MATERIAL SHOWN:

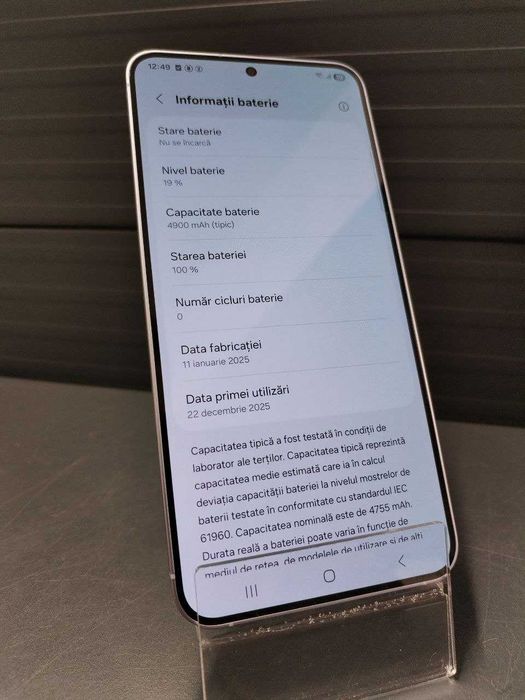 Telefon Samsung Galaxy S25+ 256 GB White - Cod 119181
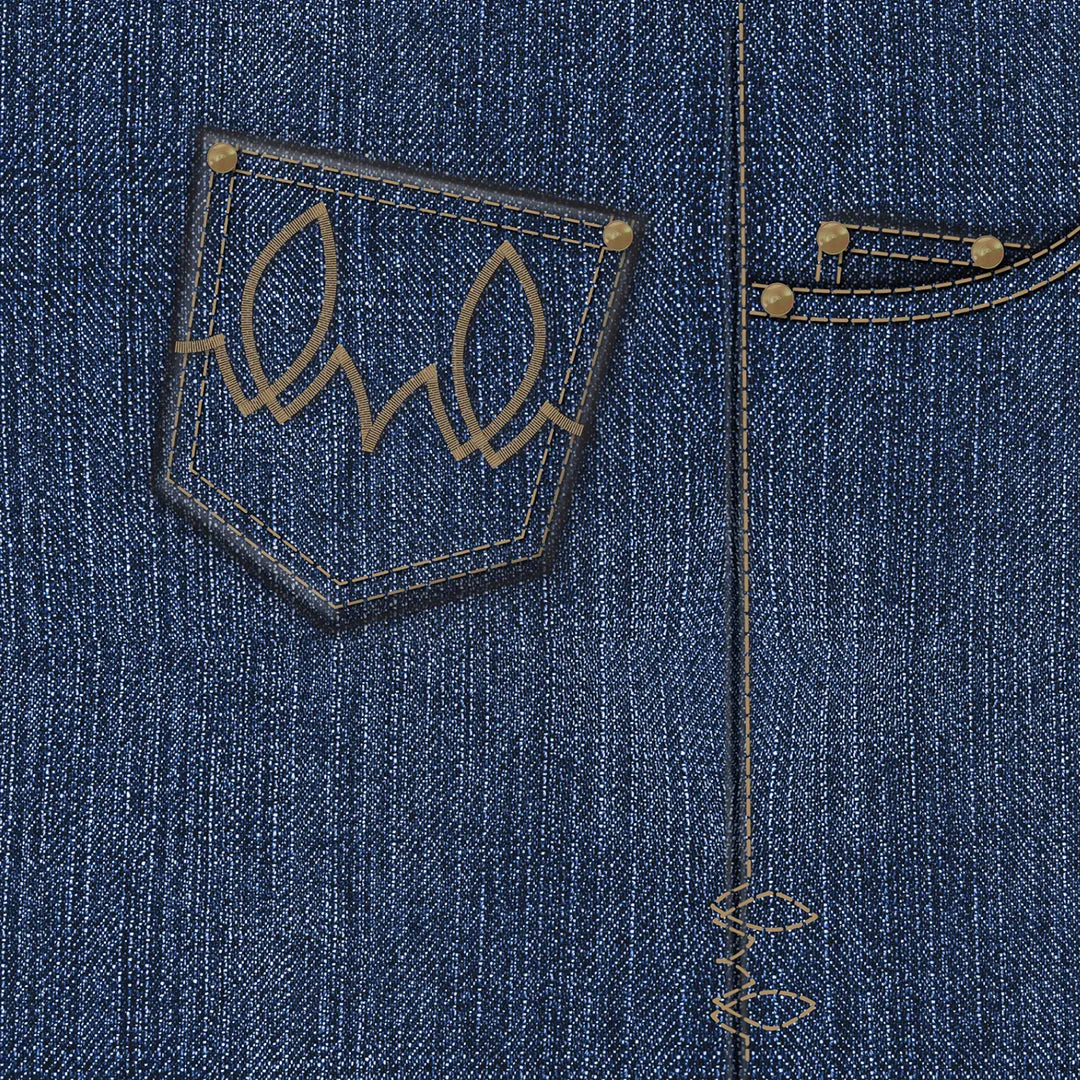 True Blue Denim 10" Shorts sold by INKnBURN product image thumbnail 4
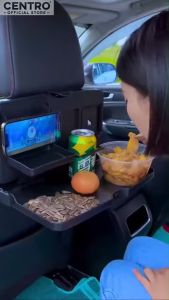 Meja Lipat Belakang Kursi Jok Mobil Tempat Makan Penyimpanan Barang Serbaguna | Stand meja lipat portable mobil multifungsi Car Multifunction Foldable Table Organizer Mobil - Jia Chuang Qi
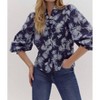 Women's Ruffled Neck Floral Top - entro - 3 of 4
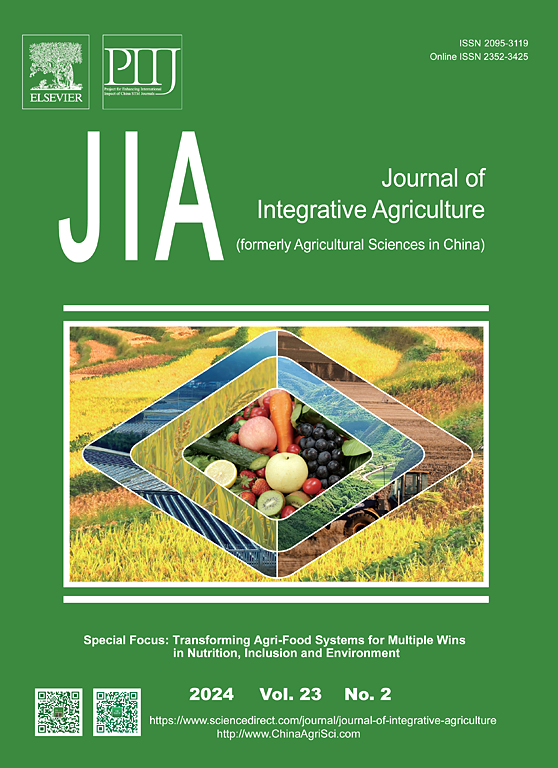 Go to journal home page - Journal of Integrative Agriculture
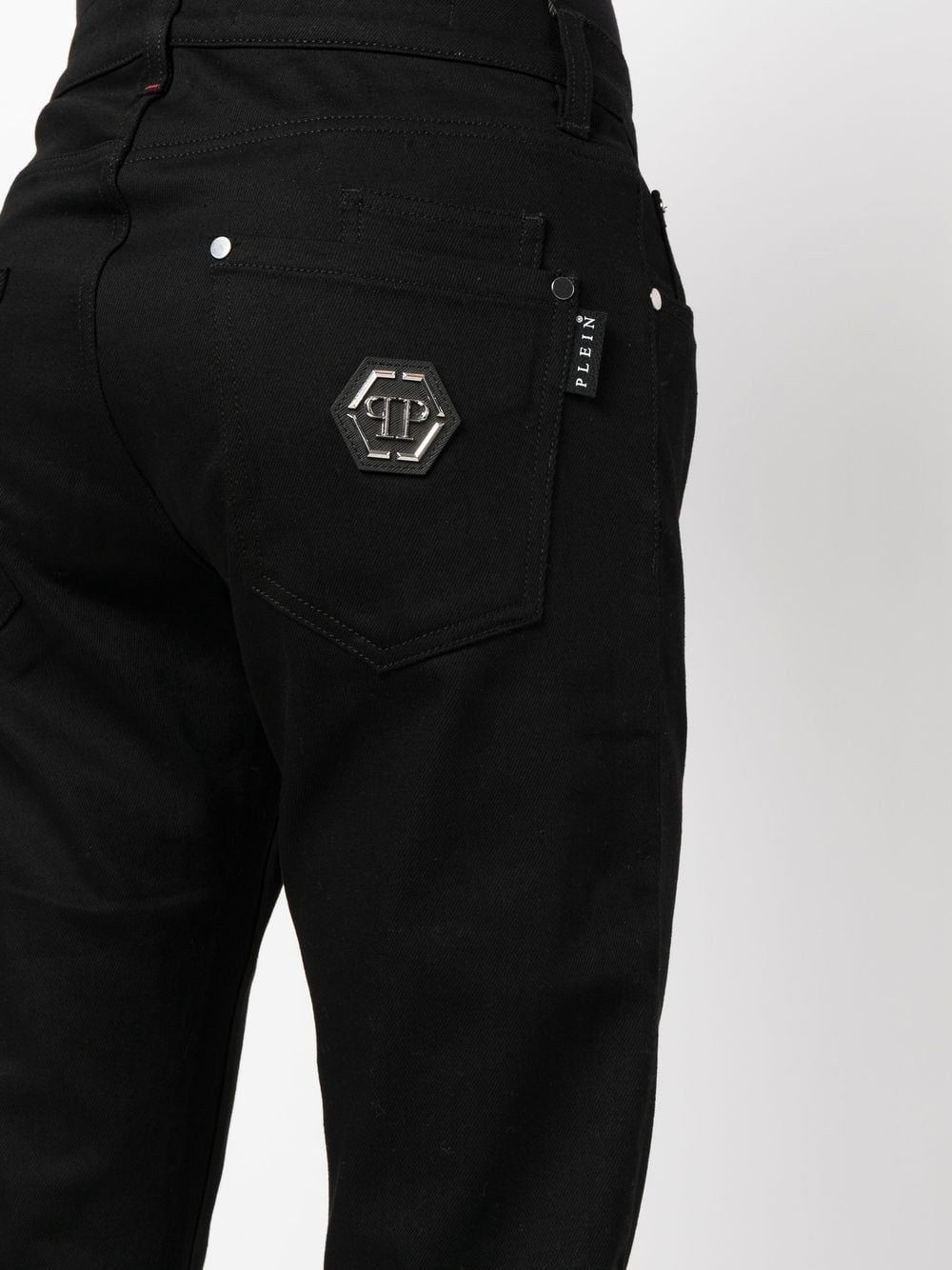 logo-patch slim-fit jeans - 5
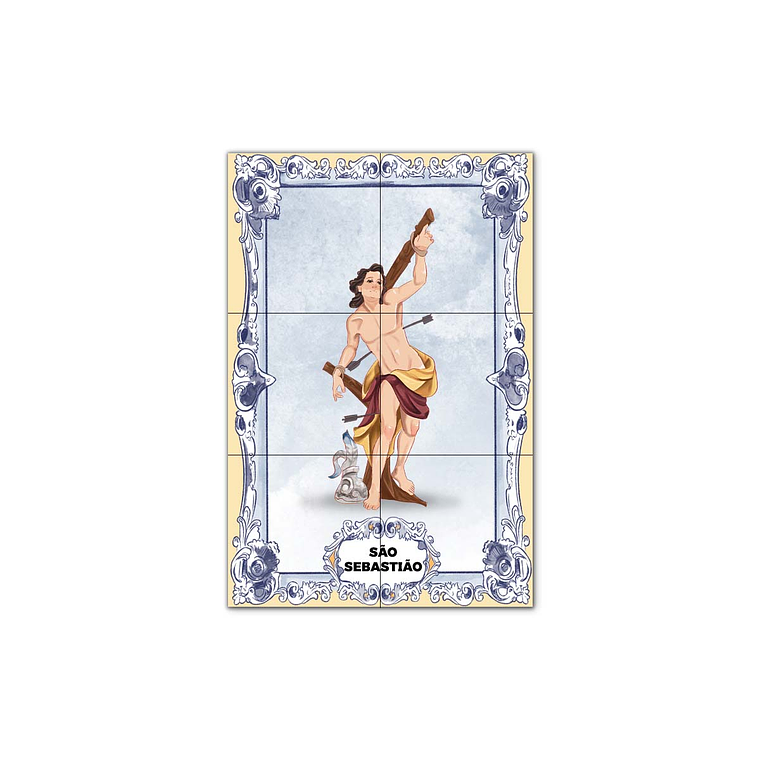 Painel de Azulejos de São Sebastião 30 cm x 45 cm 1
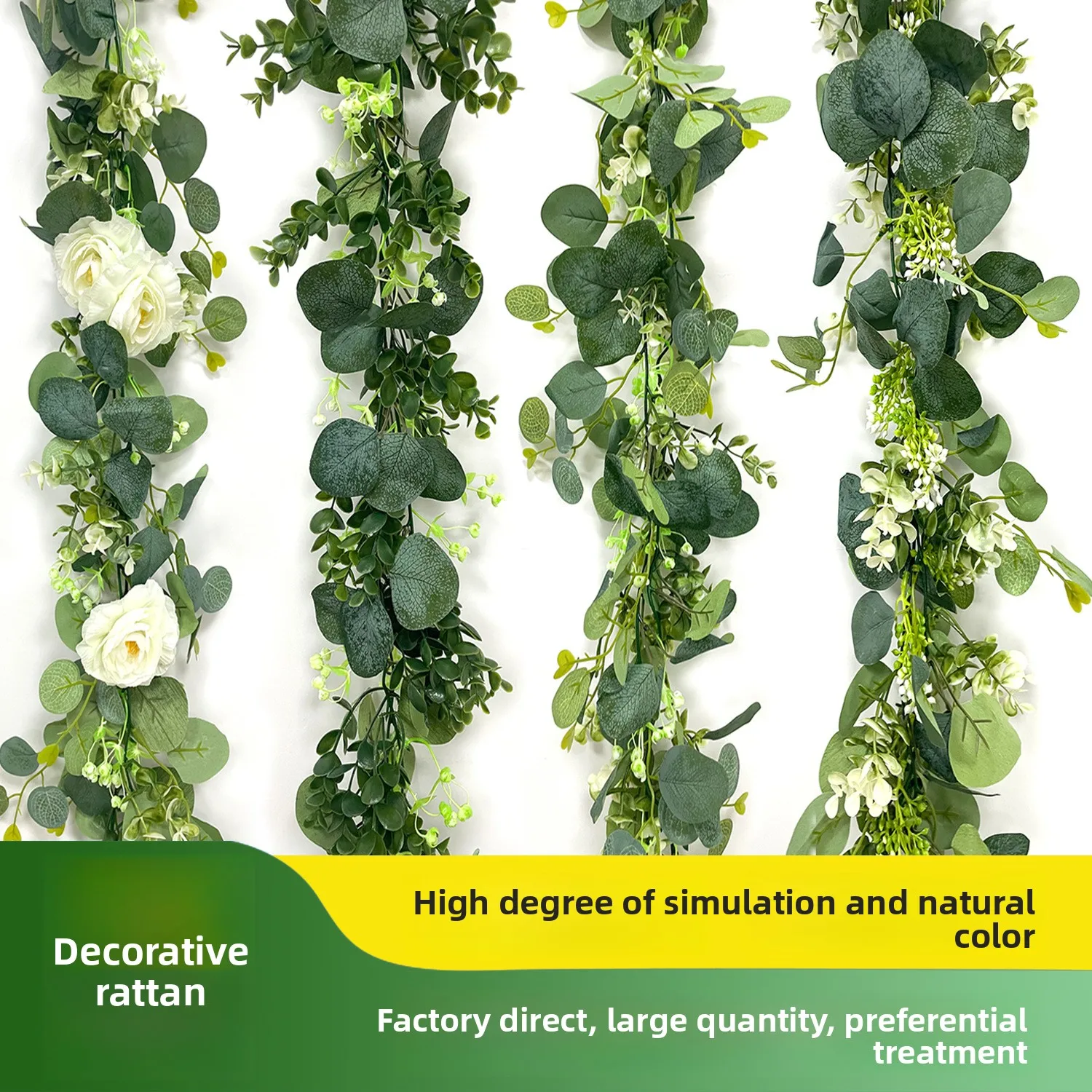 Artificial Artificial Artificial Flower Plant Vines, Eucalyptus Leaves, Eucalyptus Gypsy Vines, Outdoor Wedding Decoration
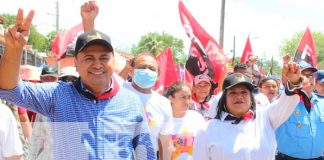 Foto: Lugareños de Nandaime salieron a las calles a festejar 44//19 aniversario de la Revolución Popular Sandinista /TN8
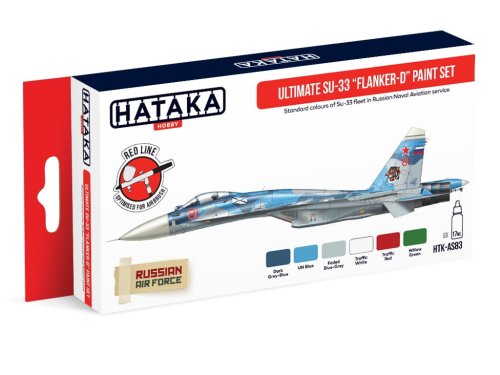 Przejdź do produktu HATAKA AS83 - Zestaw farb Ultimate Su-33 Flanker D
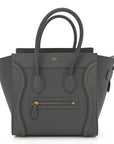 Baby Drummed Calfskin Micro Luggage Kohl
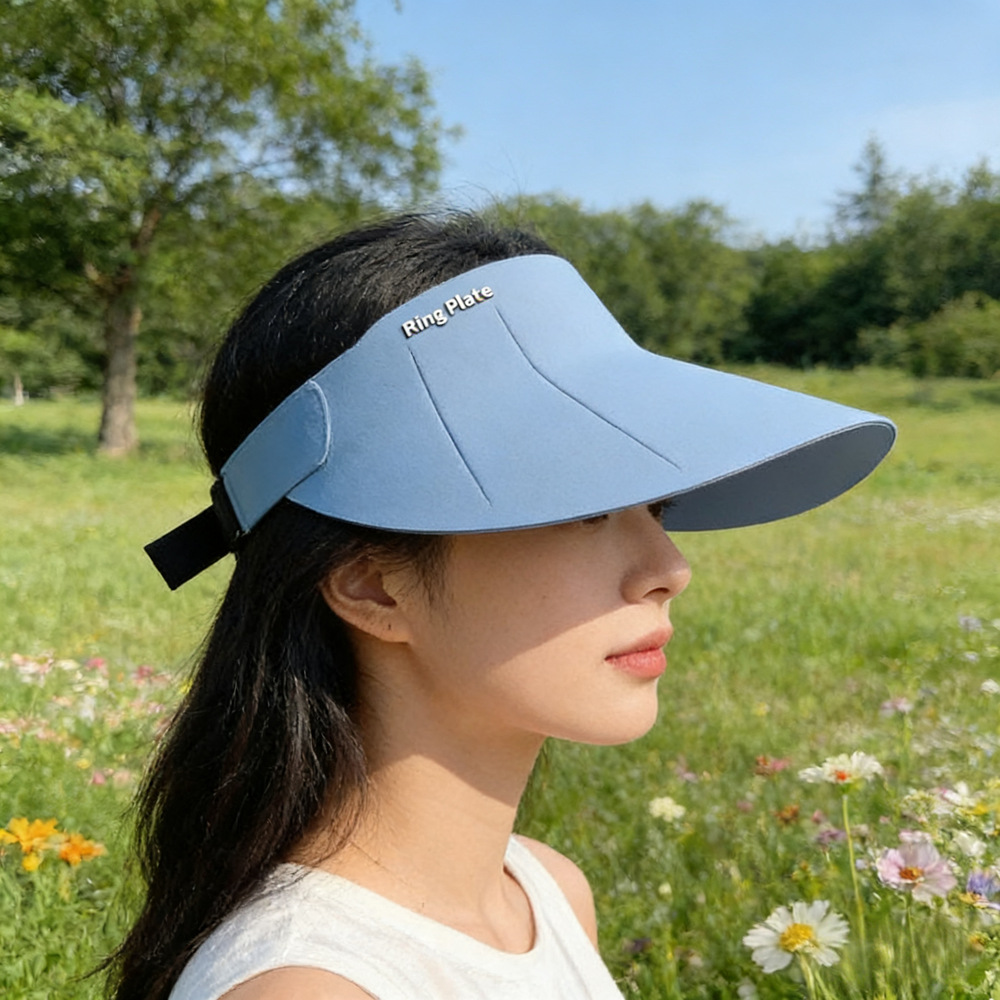 Cappello da sole donna a tesa larga con protezione uv e top aperto_voghion.com
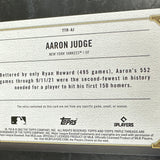 2022 Topps Triple Threads Aaron Judge Relic Jersey Bat Card #'d36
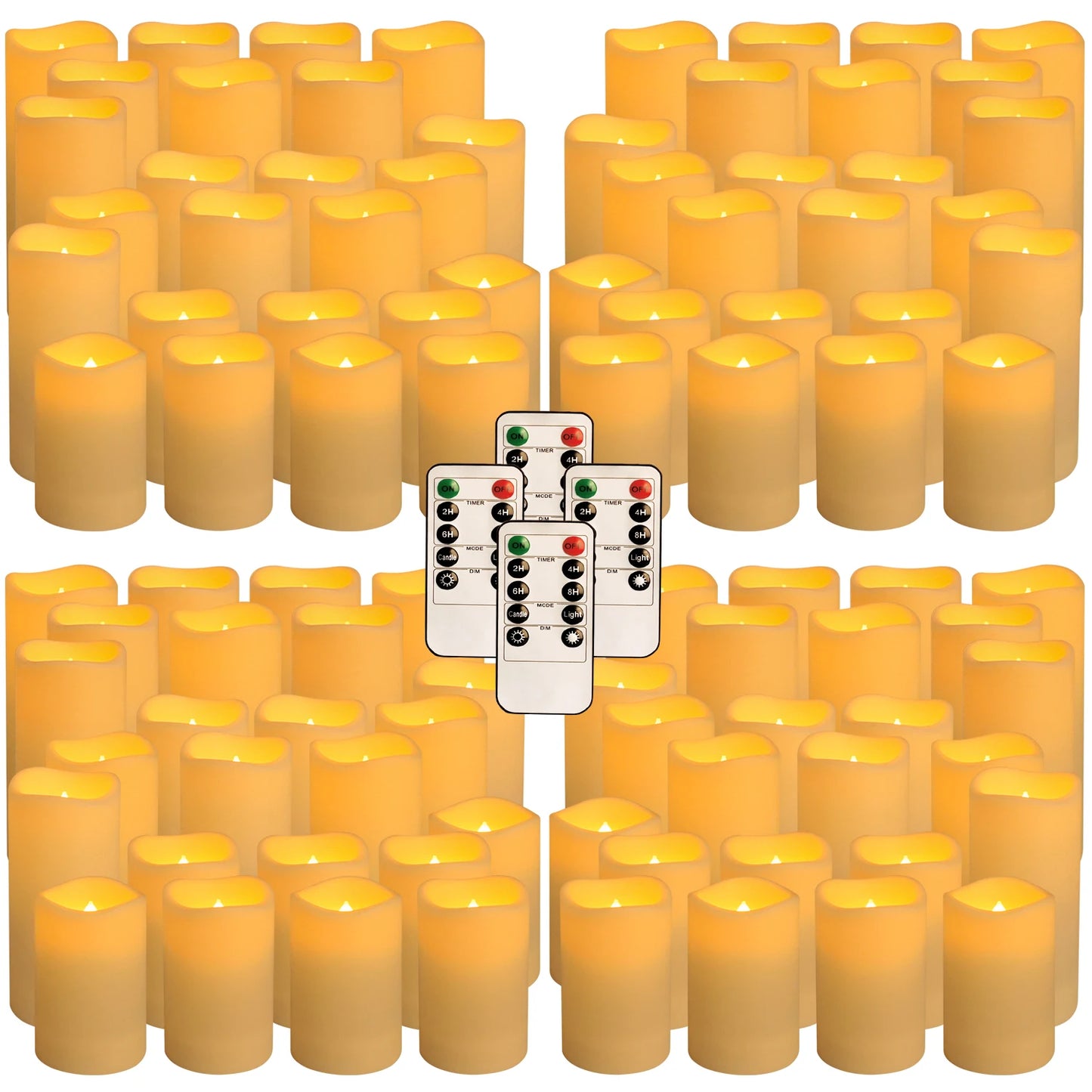Flameless LED Candles Indoor Waterproof 24-144 Sets For Events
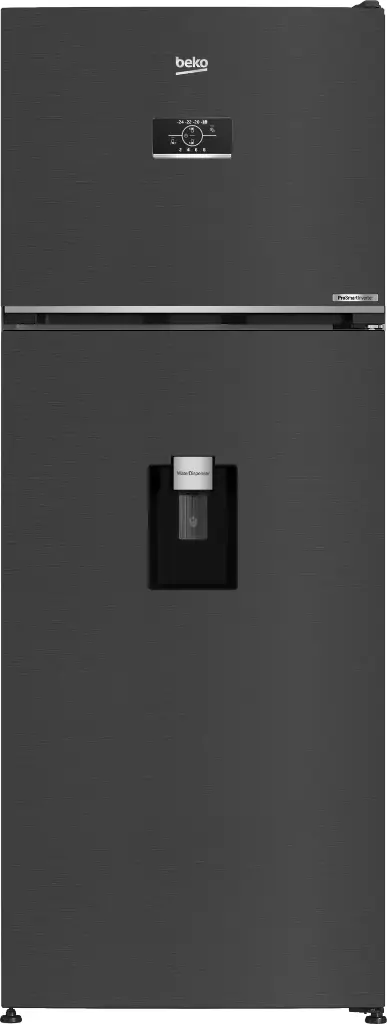 ثلاجه بيكو 2 باب 500 لتر  صافي 477 لتر نوفروست - ديجيتال - تاتش انفرتر - استانلس غامق - ديسبنسر - B3RDNE500LXBR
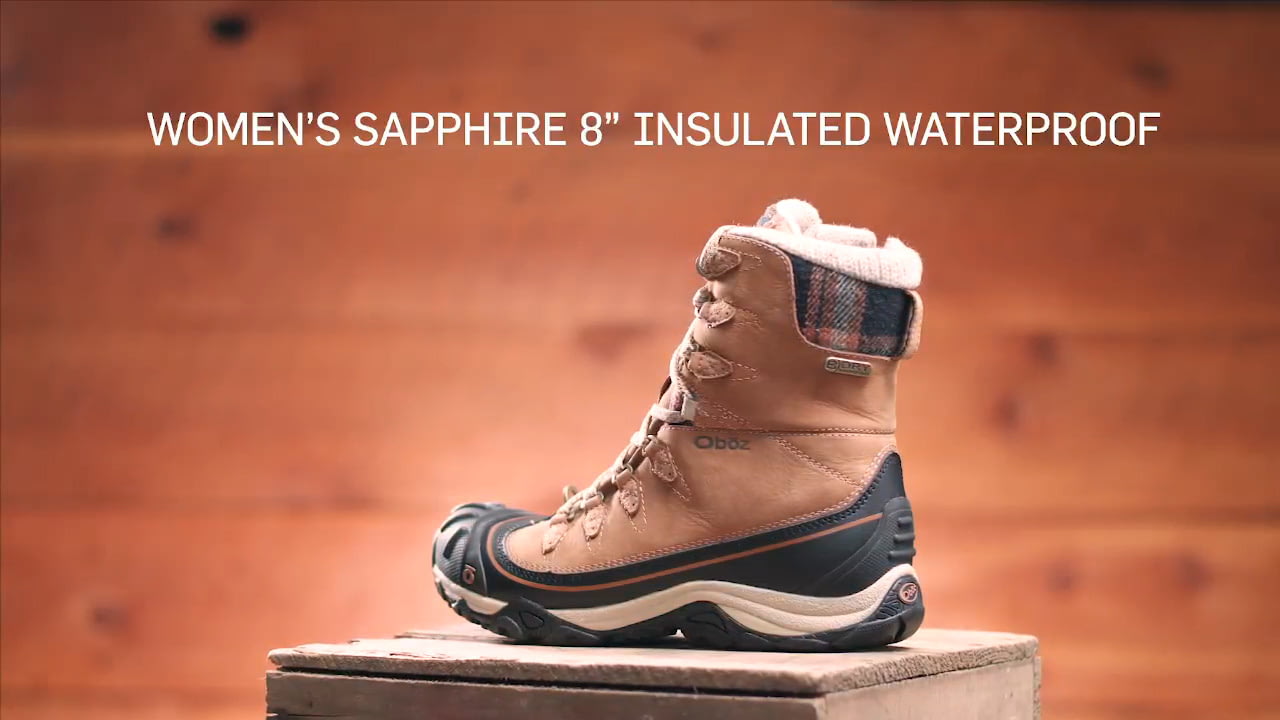 opplanet oboz sapphire 8 inch insulated b dry womens video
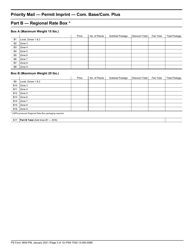 PS Form 3600-PM &quot;Postage Statement - Priority Mail - Permit Imprint&quot;, Page 3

DIRECTIONS FOR THIS TASK:
Only the lines from the start of the material to the line with "Meja Lipat Belakang", inclusive, belong in the answer, printed exactly and free of pictures.

ANSWER FOR THIS EXERCISE:
 Telefon Samsung Galaxy S25+ 256 GB White - Cod 119181
 True Blue Denim 10" Shorts sold by INKnBURN product image thumbnail 4
 Meja Lipat Belakang Kursi Jok Mobil Tempat Makan Penyimpanan Barang Serbaguna | Stand meja lipat portable mobil multifungsi Car Multifunction Foldable Table Organizer Mobil - Jia Chuang Qi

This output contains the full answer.